The Berlin Government announced the decision on Monday, September 9th, in an attempt to curb illegal border crossings by migrants. Interior Minister Nancy Faeser said that border checks within the free-movement zone of the Schengen Area are necessary until the EU’s external borders are sufficiently reinforced through joint action.
The move comes as Germany faces a rise in migrant knife crime and the increasing popularity of the anti-immigration Alternative für Deutschland (AfD) party.
“Such actions are unacceptable from the Polish point of view,” Polish prime minister Donald Tusk said on Tuesday, September 10th, criticising Germany. He added that what Poland needed was not tighter controls on its border with Germany, but more engagement from Berlin and others in securing the EU’s external border.
Poland, unlike Germany, has borders with non-EU countries, and has had to deal with its own migration crisis since Belarus started sending thousands of migrants to the frontiers of neighbouring Poland, Lithuania, and Latvia. Warsaw would rather see more support for its own immigration policies than the introduction of border checks within the EU which could mean more migrants being deported back to Poland from Germany.
Austrian Chancellor Karl Nehammer also expressed his concerns. The leader of Austria, who is campaigning on behalf of his centre-right ÖVP party for the upcoming national elections, said if Germany introduces measures to send more immigrants back across their shared border, Austria would do the same, sending more people eastwards towards the Balkans. “It cannot be that the burden is heaped on Austria,” he emphasised.
Other neighbouring countries were less concerned.
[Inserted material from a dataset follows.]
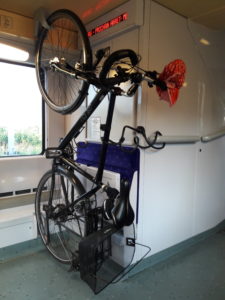 Mein Fahrrad aufgehangen im Zug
Both Denmark and the Czech Republic announced that little would change as there have already been checks at their borders with Germany.
Geert Wilders, leader of the Dutch anti-immigration Party for Freedom, the largest party in parliament, said that his government should follow Germany’s example. “If Germany can do it, why can’t we? As far as I’m concerned: the sooner, the better,” he commented.
Hungary’s conservative leader Viktor Orbán, whose government erected a fence on the southern borders of Hungary—the EU’s external borders—to keep out illegal migrants, wrote on his X account: “Germany has decided to impose strict border controls to stop illegal migration. Chancellor Scholz, welcome to the club!”
Conservative Swedish MEP Charlie Weimers blamed the European Left for causing the migration crisis and creating conditions where introducing internal border protections has become a necessity. “The refusal by center-left politicians to secure the EU external border and to stop illegal migration is tearing Schengen apart. Not governments wanting to protect their populations. You are the culprit here. Own it.” he tweeted in response to a Dutch liberal politician who denounced the move by Germany for “hurting Dutch and German border communities.”